Public Trust Doctrine

The Public Trust Doctrine is a legal principle derived from English Common Law. Under this doctrine, the waters of the state are a public resource owned by and available to all citizens equally for:
  • Purposes of navigation
  • Conducting commerce
  • Fishing
  • Recreation and similar uses
The Public Trust Doctrine trust is not invalidated by private ownership of the underlying land. The doctrine limits public and private use of tidelands and other shoreline areas to protect the public's right to use the waters of the state.

The Public Trust Doctrine does not allow the public to trespass over privately-owned uplands to access the tidelands. It does, however, protect public use of navigable water bodies below the ordinary high water mark.

Protecting the public trust is a duty of Washington. The state Shoreline Management Act is one of the primary means by which this duty is carried out. The doctrine requires a careful evaluation of the public interest served by any proposed action. In large part, this requirement is fulfilled by planning and permitting requirements under the Shoreline Management Act.

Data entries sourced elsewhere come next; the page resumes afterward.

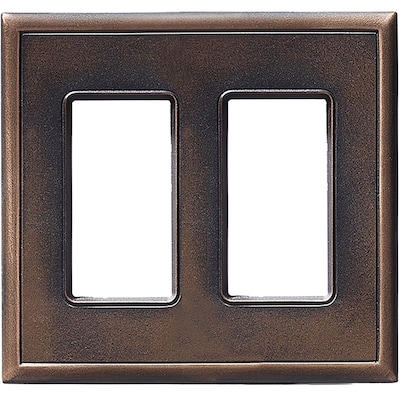 Somerset Collection Somerset 2-Gang Oil-Rubbed Bronze Double Decorator Screwless Standard Wall Plate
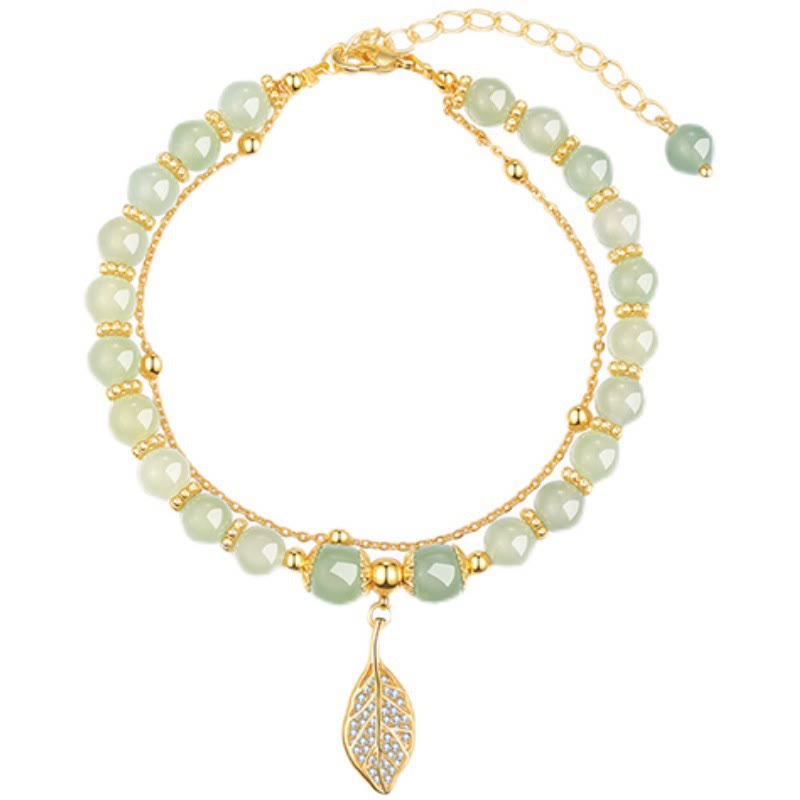Nimara Ritual Jade Leaf Ginkgo Tulip Peanut Fu Character Luck Beaded Bracelet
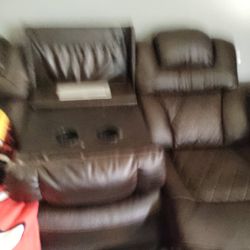 Leather Recliner Couch 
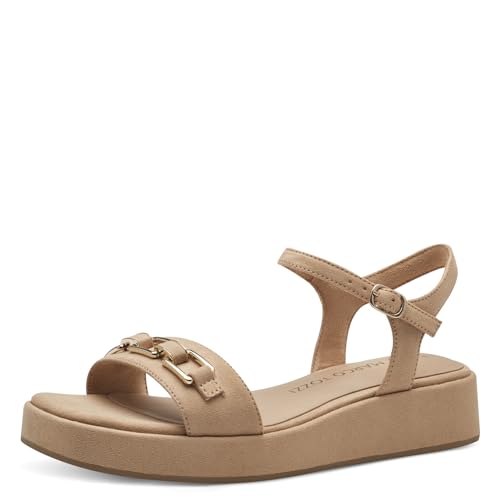 MARCO TOZZI Damen Sandalen mit Keilabsatz mit Verstellbarem Riemen Elegant, Beige (Biscuit), 40 EU von MARCO TOZZI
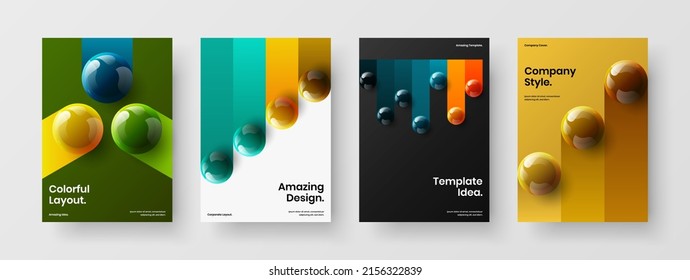 Vivid realistic spheres handbill illustration set. Isolated company cover vector design layout bundle.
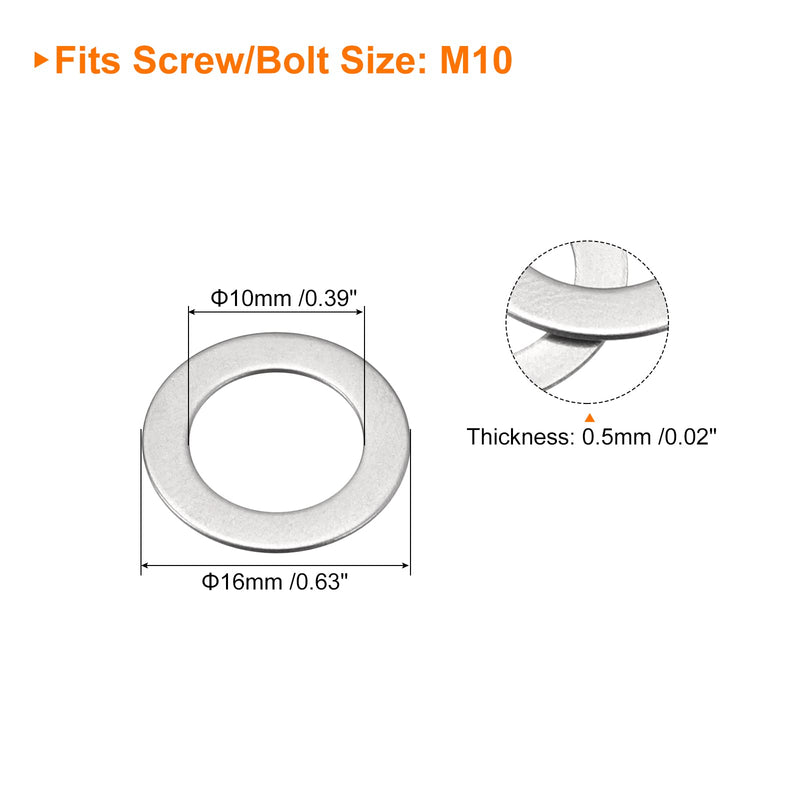 uxcell M10 304 Stainless Steel Flat Washers, 50pcs 10x16x0.5mm Ultra Thin Flat Spacers for Screw Bolt, Electronic Repair, Automotive 50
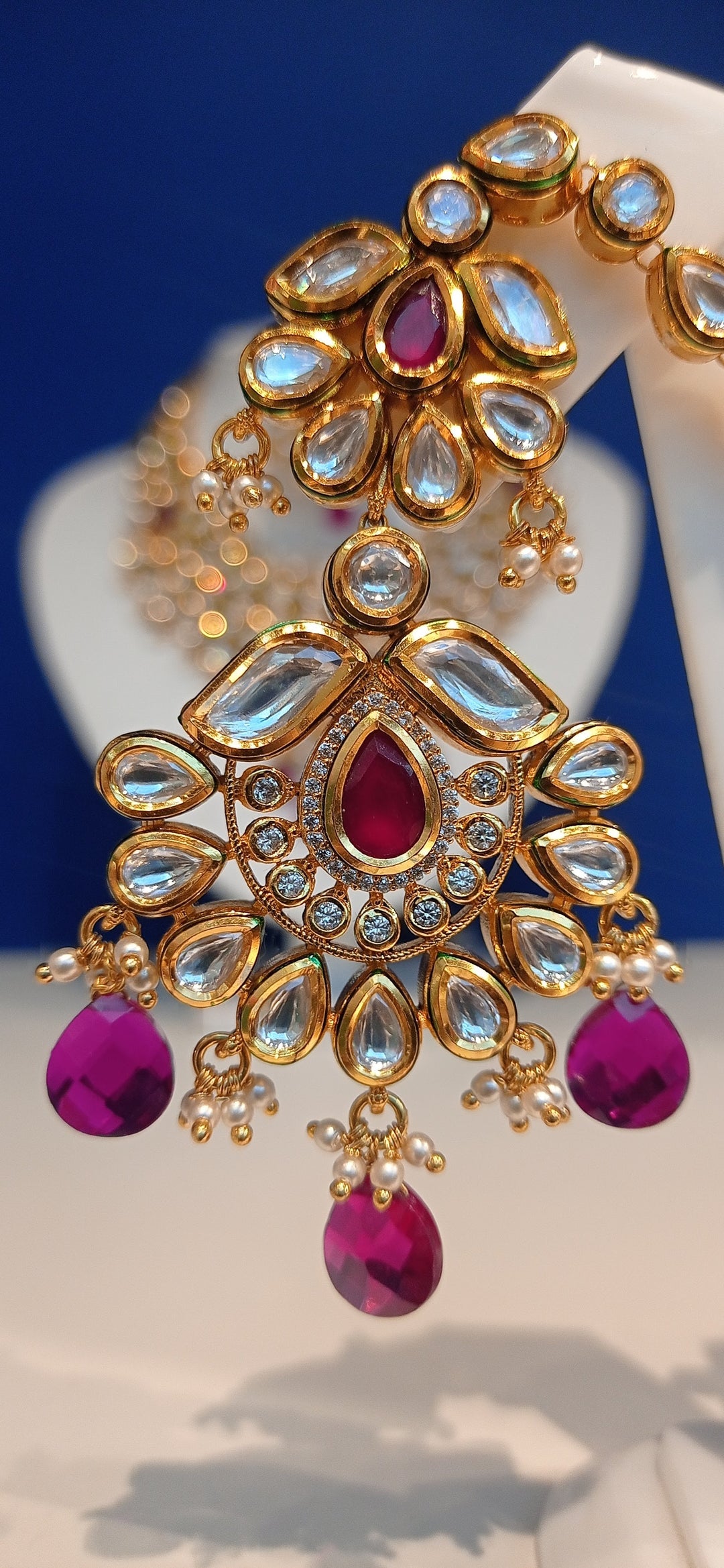 Radha Ruby and Polki Diamond Bridal Kundan Earrings, Kanras, Necklace and Maang Teeka Jewellery Set|Inaayat by Divya Taimni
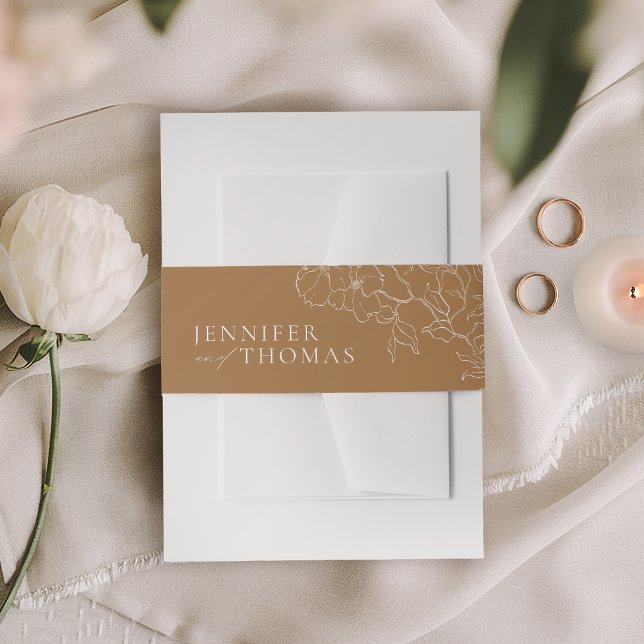 Elegant hand drawn floral golden fall wedding invitation belly band (Elegant hand drawn floral golden fall wedding invitation belly band)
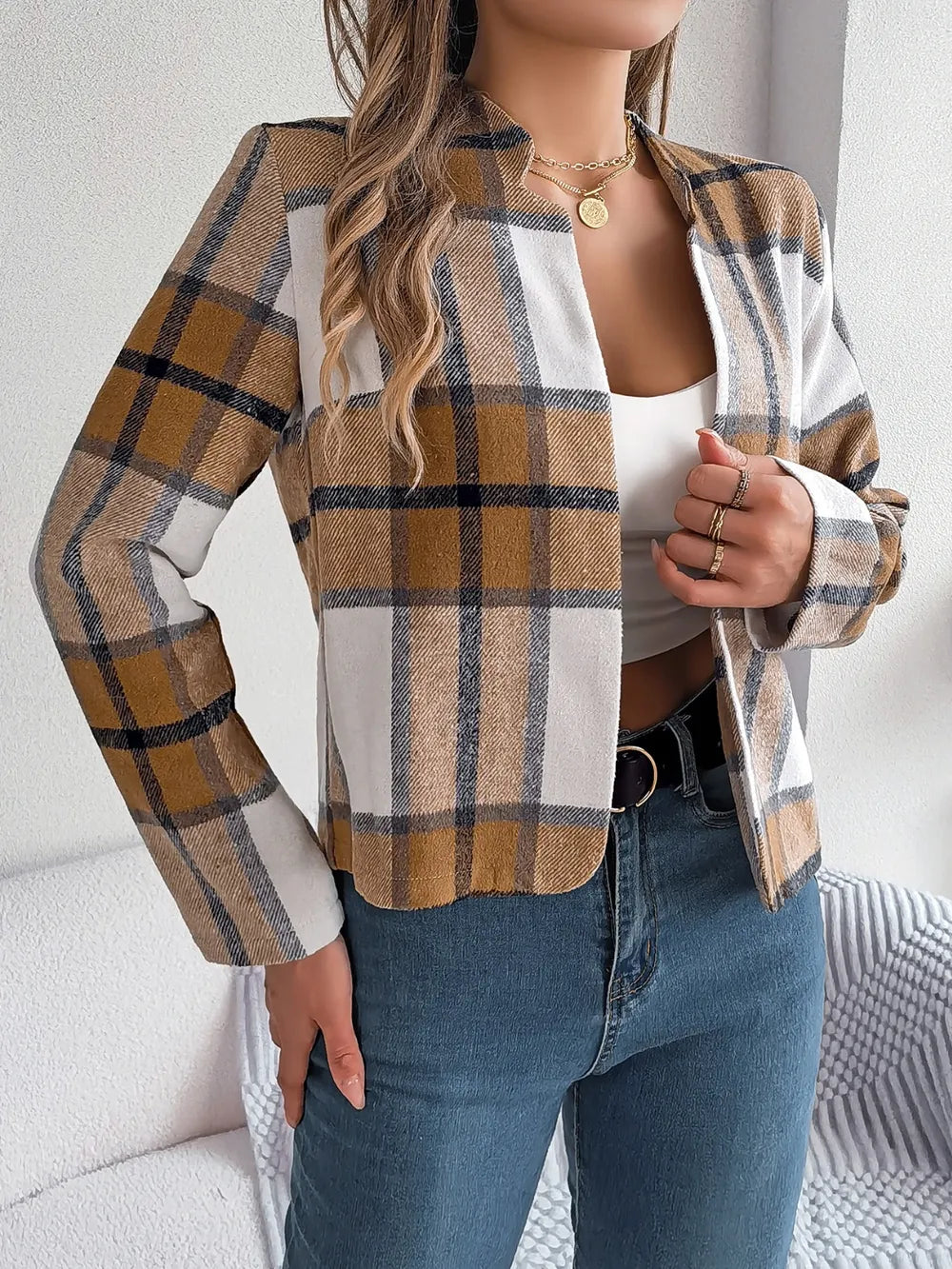Plaid Open Front Long Sleeve Jacket (11)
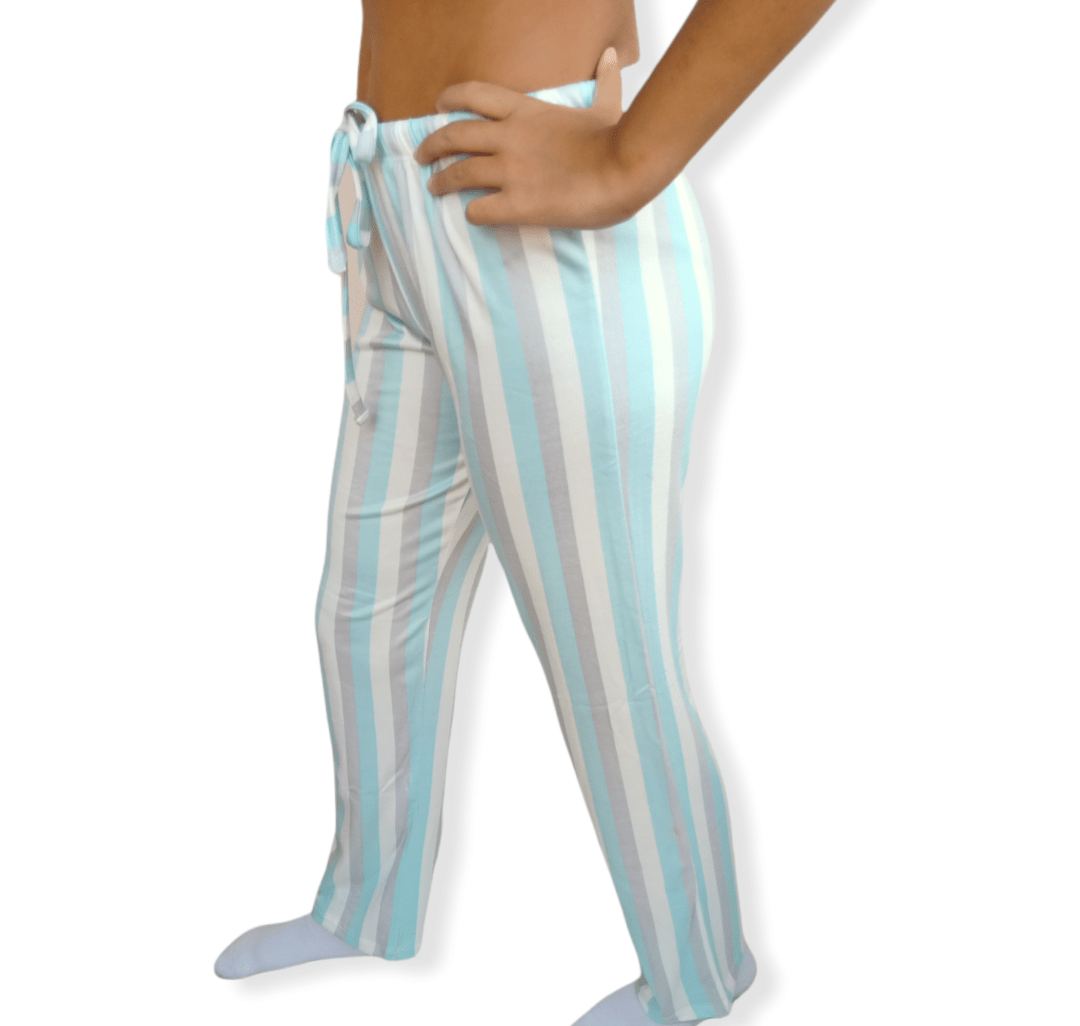 ElOutlet Women Pajama Pants Women Pajama Pants - Grey x White x Blue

Local governments should consider public trust doctrine concepts when developing Shoreline Master Programs, comprehensive plans, and development regulations. There are few "bright lines" because the Public Trust Doctrine is common, not statutory law. This means the extent of its applicability can only be determined by state court decisions. For an introduction to state case law see The Public Trust Doctrine and Coastal Zone Management in Washington State (October 1991).